The document focuses on establishing substantial equivalence to predicate devices based on technological characteristics and a general statement about clinical studies for one specific indication.

Therefore, for the relevant section (onychomycosis), here is what can be extracted, and what cannot be provided:

Device Indication of Interest: Temporary increase of clear nail in patients with onychomycosis.

Here's a breakdown of the requested information based on the provided text:

1. Table of Acceptance Criteria and Reported Device Performance:

Acceptance Criteria (Explicitly Stated in Document)	Reported Device Performance (Explicitly Stated in Document)
Not explicitly stated in the document	Demonstrated "temporary increase of clear nail at 6 and 12 months following treatment in patients with onychomycosis"

2. Sample size used for the test set and the data provenance:

• Sample Size: Not specified in the document.
• Data Provenance: The document only states that "clinical studies" were conducted. No information about country of origin or whether they were retrospective/prospective is provided.

3. Number of experts used to establish the ground truth for the test set and the qualifications of those experts:

• Not specified in the document.

4. Adjudication method (e.g., 2+1, 3+1, none) for the test set:

• Not specified in the document.

5. If a multi-reader multi-case (MRMC) comparative effectiveness study was done, if so, what was the effect size of how much human readers improve with AI vs without AI assistance:

• This device is a laser system, not an AI-assisted diagnostic tool. Therefore, an MRMC study comparing human readers with and without AI assistance is not applicable to this device and is not mentioned in the document.

6. If a standalone (i.e., algorithm only without human-in-the-loop performance) was done:

• This device is a laser system for treatment, not a standalone diagnostic algorithm. This metric is not applicable and is not mentioned in the document.

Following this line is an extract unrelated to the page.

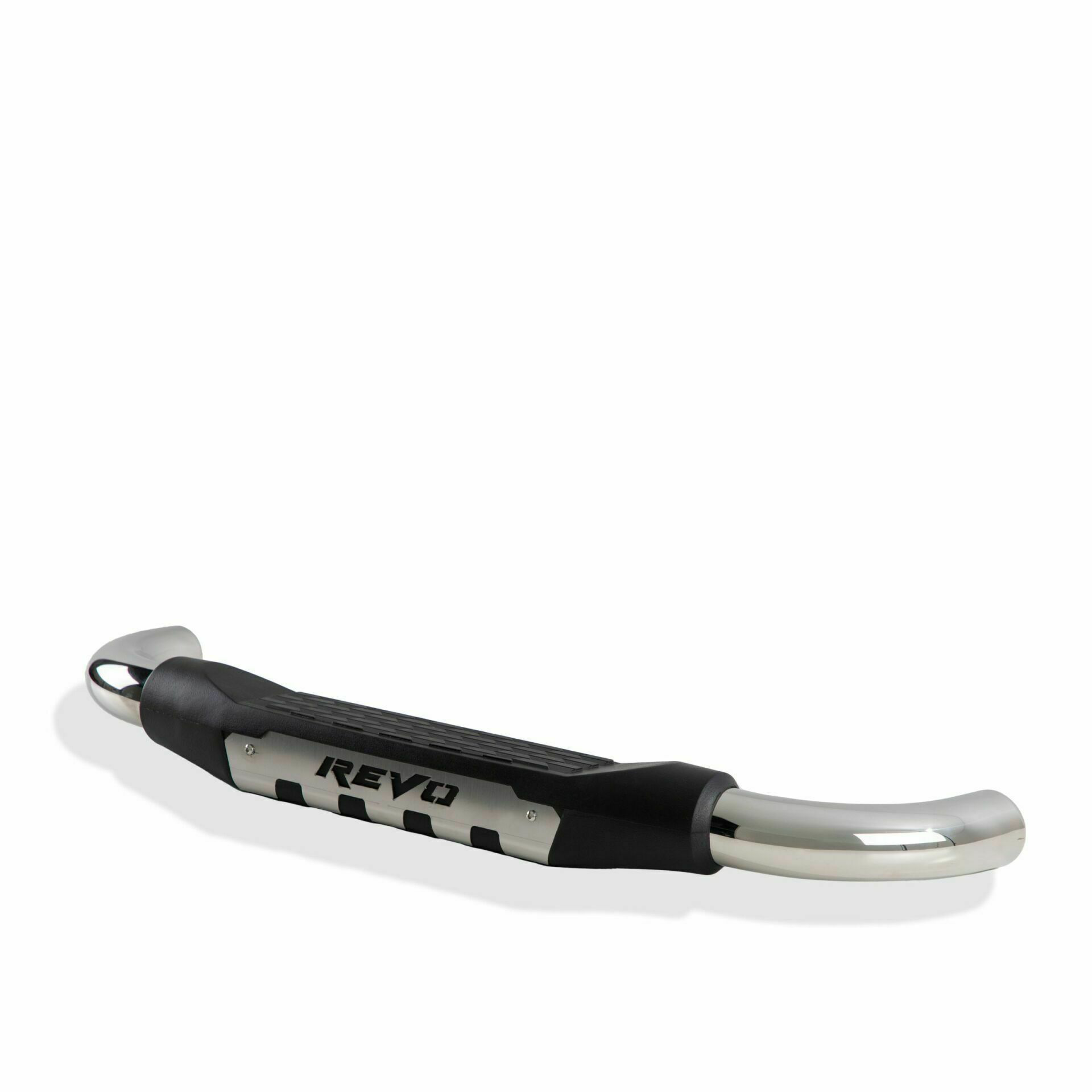 Drs Tuning Mitsubishi L200 Titanic Plus Arka Koruma Basamak Krom 2007+/ 2020 Drs Tuning Mitsubishi L200 Titanic Plus Arka Koruma Basamak Krom 2007+/ 2020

7. The type of ground truth used:

• Based on the indication, the ground truth would likely be clinical assessment of clear nail growth at 6 and 12 months post-treatment, presumably by a clinician. However, the document does not explicitly state the methodology for establishing this ground truth (e.g., objective measurements, subjective ratings by clinicians, etc.).

8. The sample size for the training set:

• Not applicable as this is a medical device, not a machine learning algorithm that requires a training set in the conventional sense. The "clinical studies" mentioned would be analogous to a clinical trial, but details are not provided.

9. How the ground truth for the training set was established:

• Not applicable for the reasons stated in point 8.